[[ Supplied data, beginning ]]

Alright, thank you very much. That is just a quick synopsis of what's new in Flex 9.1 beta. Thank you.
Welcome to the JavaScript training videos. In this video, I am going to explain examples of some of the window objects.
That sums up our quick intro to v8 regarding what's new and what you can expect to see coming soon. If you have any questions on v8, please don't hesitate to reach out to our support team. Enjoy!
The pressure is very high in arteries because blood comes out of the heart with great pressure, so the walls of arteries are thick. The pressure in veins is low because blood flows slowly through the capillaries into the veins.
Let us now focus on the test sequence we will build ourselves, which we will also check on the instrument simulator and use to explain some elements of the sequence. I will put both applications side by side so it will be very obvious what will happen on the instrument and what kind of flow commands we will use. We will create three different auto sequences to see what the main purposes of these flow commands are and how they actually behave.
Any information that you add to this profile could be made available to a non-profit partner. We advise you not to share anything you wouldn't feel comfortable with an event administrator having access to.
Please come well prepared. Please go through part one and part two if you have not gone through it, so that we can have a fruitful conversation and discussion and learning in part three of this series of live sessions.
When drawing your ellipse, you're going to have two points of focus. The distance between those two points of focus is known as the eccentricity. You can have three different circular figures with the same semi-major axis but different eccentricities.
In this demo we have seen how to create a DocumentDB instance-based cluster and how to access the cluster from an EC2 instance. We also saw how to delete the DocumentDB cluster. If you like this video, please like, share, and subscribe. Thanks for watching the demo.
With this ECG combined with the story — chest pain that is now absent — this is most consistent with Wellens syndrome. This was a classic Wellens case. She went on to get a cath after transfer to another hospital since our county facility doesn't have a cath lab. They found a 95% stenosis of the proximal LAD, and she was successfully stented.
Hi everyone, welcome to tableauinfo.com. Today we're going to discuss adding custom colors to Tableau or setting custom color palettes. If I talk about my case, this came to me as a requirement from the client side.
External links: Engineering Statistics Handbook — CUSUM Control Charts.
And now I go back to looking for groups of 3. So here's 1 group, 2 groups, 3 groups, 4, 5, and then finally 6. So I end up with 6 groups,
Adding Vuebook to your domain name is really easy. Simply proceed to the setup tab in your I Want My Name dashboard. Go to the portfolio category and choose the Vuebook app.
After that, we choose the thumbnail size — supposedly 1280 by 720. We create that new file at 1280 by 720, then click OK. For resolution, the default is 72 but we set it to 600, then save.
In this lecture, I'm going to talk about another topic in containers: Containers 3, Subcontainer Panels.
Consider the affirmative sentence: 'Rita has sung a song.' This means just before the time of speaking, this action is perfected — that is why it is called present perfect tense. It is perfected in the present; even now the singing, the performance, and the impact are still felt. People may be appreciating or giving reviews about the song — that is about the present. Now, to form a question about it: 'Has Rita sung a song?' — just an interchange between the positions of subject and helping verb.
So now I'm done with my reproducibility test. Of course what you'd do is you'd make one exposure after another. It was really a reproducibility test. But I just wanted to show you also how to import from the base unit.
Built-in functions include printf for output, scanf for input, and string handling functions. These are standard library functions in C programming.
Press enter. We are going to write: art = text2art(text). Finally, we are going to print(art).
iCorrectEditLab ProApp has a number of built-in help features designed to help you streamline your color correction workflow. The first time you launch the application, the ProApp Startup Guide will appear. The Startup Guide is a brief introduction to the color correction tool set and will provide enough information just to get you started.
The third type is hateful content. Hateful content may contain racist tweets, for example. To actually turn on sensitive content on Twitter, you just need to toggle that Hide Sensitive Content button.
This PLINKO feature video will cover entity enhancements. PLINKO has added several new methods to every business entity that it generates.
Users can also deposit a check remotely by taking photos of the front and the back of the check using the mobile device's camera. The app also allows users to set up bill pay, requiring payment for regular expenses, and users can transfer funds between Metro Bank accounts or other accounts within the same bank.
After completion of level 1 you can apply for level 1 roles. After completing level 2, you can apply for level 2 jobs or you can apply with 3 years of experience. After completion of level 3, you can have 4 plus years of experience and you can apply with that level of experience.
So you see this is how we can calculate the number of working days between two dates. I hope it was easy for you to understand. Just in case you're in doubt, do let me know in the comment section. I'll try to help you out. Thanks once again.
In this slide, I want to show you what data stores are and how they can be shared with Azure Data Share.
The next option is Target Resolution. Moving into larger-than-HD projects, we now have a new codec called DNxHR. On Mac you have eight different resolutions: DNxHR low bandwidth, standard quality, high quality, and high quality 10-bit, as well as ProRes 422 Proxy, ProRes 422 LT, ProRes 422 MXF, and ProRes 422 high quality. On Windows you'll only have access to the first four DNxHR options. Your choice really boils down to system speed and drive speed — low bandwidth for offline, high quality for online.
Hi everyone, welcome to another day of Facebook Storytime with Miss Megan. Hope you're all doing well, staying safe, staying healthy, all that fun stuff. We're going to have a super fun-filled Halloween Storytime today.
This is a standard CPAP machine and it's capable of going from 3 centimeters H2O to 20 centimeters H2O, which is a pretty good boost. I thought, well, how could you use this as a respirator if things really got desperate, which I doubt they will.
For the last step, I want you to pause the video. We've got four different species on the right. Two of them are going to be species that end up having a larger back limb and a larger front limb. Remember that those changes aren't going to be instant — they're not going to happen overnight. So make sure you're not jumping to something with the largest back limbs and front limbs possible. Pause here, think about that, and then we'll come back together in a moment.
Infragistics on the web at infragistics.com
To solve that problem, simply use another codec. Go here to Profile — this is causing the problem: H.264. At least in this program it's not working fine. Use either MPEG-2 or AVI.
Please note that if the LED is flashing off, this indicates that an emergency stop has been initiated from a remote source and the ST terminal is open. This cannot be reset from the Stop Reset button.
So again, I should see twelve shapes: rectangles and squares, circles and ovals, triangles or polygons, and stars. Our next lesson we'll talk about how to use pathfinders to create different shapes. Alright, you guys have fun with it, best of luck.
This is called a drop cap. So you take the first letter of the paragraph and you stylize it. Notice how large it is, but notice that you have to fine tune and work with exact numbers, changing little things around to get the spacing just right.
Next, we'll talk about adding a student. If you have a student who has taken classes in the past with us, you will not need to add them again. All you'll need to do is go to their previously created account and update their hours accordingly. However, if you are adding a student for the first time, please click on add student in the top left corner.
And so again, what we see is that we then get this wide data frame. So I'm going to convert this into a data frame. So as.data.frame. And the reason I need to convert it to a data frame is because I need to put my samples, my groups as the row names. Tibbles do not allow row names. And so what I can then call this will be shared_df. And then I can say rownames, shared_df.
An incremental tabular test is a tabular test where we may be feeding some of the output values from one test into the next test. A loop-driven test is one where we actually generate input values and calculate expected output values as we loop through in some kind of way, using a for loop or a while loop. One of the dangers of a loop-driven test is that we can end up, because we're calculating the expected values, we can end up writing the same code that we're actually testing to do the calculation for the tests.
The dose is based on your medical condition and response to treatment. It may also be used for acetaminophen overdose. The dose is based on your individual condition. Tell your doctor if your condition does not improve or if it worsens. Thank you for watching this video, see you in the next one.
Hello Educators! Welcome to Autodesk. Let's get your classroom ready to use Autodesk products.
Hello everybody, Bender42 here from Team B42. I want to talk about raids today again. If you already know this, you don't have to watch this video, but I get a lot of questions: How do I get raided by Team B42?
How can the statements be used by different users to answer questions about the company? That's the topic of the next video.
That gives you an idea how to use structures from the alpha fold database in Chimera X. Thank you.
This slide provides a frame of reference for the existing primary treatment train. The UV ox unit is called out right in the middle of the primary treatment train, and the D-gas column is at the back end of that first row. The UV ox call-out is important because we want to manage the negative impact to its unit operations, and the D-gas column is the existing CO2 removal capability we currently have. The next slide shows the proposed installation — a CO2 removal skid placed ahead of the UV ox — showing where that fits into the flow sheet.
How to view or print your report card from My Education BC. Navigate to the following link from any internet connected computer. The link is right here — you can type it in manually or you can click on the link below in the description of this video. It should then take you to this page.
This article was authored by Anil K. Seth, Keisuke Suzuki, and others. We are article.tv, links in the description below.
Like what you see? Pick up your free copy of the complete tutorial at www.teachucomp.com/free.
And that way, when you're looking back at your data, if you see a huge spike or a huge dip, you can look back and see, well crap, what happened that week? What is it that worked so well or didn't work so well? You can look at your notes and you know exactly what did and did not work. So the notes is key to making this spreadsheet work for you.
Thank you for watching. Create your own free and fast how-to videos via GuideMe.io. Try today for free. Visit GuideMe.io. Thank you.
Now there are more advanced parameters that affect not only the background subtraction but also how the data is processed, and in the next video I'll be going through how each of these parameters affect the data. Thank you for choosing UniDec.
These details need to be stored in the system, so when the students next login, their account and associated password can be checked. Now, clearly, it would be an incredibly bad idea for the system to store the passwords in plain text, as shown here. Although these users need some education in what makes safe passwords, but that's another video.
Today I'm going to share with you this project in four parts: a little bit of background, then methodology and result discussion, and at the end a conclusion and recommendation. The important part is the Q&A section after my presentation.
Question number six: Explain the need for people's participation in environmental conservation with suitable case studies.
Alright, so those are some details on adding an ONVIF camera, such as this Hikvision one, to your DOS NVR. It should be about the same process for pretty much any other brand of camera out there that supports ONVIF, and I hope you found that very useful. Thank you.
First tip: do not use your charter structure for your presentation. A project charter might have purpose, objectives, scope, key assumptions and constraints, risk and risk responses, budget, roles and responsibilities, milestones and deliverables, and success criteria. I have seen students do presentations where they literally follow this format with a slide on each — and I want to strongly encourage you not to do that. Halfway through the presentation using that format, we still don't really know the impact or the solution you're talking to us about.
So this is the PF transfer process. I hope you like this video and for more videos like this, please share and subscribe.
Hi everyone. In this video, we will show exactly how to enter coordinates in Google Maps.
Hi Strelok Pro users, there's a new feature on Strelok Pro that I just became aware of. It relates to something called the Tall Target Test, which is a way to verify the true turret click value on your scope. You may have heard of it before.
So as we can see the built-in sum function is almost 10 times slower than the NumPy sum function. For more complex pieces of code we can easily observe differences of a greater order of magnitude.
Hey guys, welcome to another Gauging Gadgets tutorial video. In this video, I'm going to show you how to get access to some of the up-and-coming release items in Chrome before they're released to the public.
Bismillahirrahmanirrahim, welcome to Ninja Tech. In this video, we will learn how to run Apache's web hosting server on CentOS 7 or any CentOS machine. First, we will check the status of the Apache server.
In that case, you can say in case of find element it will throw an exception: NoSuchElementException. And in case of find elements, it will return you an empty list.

[[ Supplied data, end ]]

• _Exercise_: Could you retype exactly the lines above, starting at the line that contains "External links: Engineering" and ending at the line that contains "In this lecture, I'm", and nothing more?

• _Result of this task_:
External links: Engineering Statistics Handbook — CUSUM Control Charts.
And now I go back to looking for groups of 3. So here's 1 group, 2 groups, 3 groups, 4, 5, and then finally 6. So I end up with 6 groups,
Adding Vuebook to your domain name is really easy. Simply proceed to the setup tab in your I Want My Name dashboard. Go to the portfolio category and choose the Vuebook app.
After that, we choose the thumbnail size — supposedly 1280 by 720. We create that new file at 1280 by 720, then click OK. For resolution, the default is 72 but we set it to 600, then save.
In this lecture, I'm going to talk about another topic in containers: Containers 3, Subcontainer Panels.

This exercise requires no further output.